Can your chance of surviving SARS-Cov-2 be predicted? It sure can be due to recently combined research efforts by ISB, Fred Hutchinson Cancer Research Center, Stanford University, Swedish Medical Center St. John’s Cancer Institute at Saint John’s Health Center, the University of Washington, the Howard Hughes Medical Institute. It comes from studying your immune system and a special part of your endocrine system, your metabolism.
The researchers sampled the blood of nearly 200 COVID-19 patients. They took two draws per patient during the first week after being diagnosed with SARS-CoV-2 infection, totaling 374 blood samples. The researchers then analyzed their plasma and single immune cells. The analysis included 1,387 genes involved in metabolic pathways and 1,050 plasma metabolites.
“We analyzed thousands of biological markers linked to metabolic pathways that underlie the immune system and found some clues as to what immune-metabolic changes may be pivotal in severe disease,” says researcher and graduate student from Fred Hutchinson Cancer Research Center, Jihoon Lee.
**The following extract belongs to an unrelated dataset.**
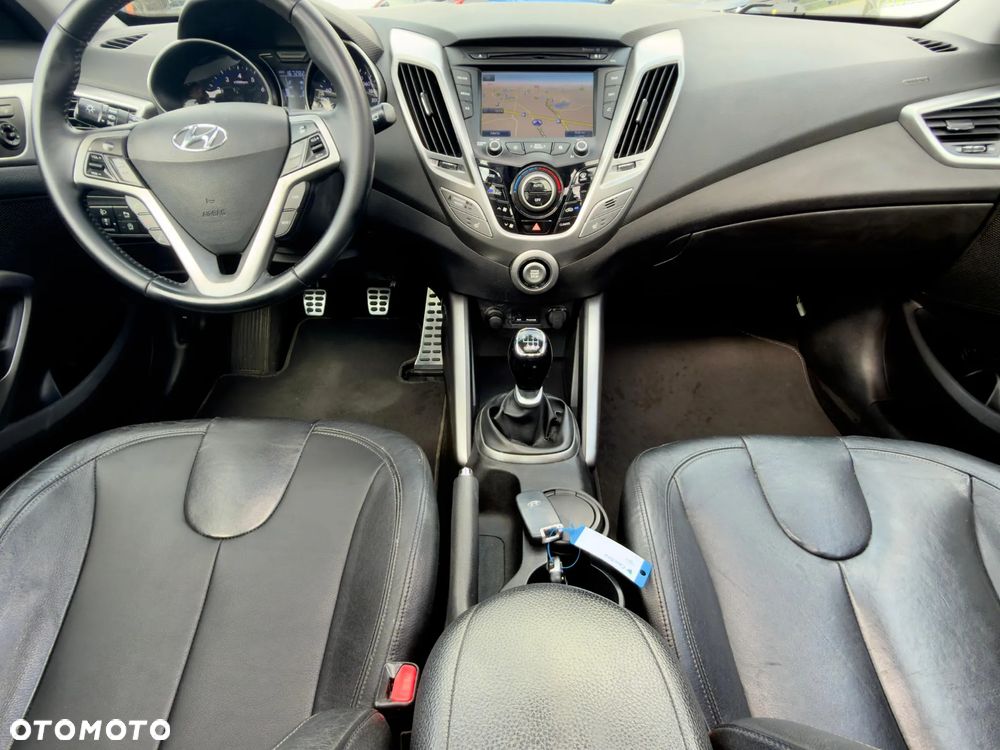 Hyundai Veloster 1.6 blue Style - 29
Well, what were these clues? The clue is the link between how certain metabolic changes regulate how immune cells react when it comes to disease severity and predicting patient survival. Basically, increased COVID-19 severity leads to increased immune-related activity.
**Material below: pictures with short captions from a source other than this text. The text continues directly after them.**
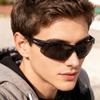 European and American sunglasses men's and women's half-frame sunglasses outdoor sports cycling fishing driving UV-proof glasses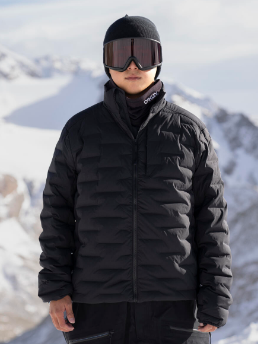 Geaca Armada Barbati Insulator Gapller Down Black [5]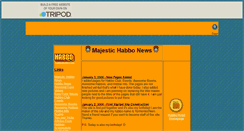 Desktop Screenshot of majestichabbo.tripod.com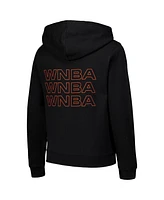 Round21 Big Boys and Girls Black Wnba Go Team Pullover Hoodie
With these new discoveries, researchers used single-cell sequencing to further investigate. They found that each major immune cell type has a distinct metabolic signature. “We have found metabolic reprogramming that is highly specific to individual immune cell classes (e.g. “killer” CD8+ T cells, “helper” CD4+ T cells, antibody-secreting B cells, etc.) and even cell subtypes, and the complex metabolic reprogramming of the immune system is associated with the plasma global metabolome and are predictive of disease severity and even patient death,” says Dr. Yapeng Su, a research scientist at Institute for Systems Biology.
Despite the need for more advanced single-cell multi-omic analysis, this research has proven to be very successful. It provides significant insights for developing more effective treatments against COVID-19. What do you think about this research being used for predicting survivability for other diseases to come?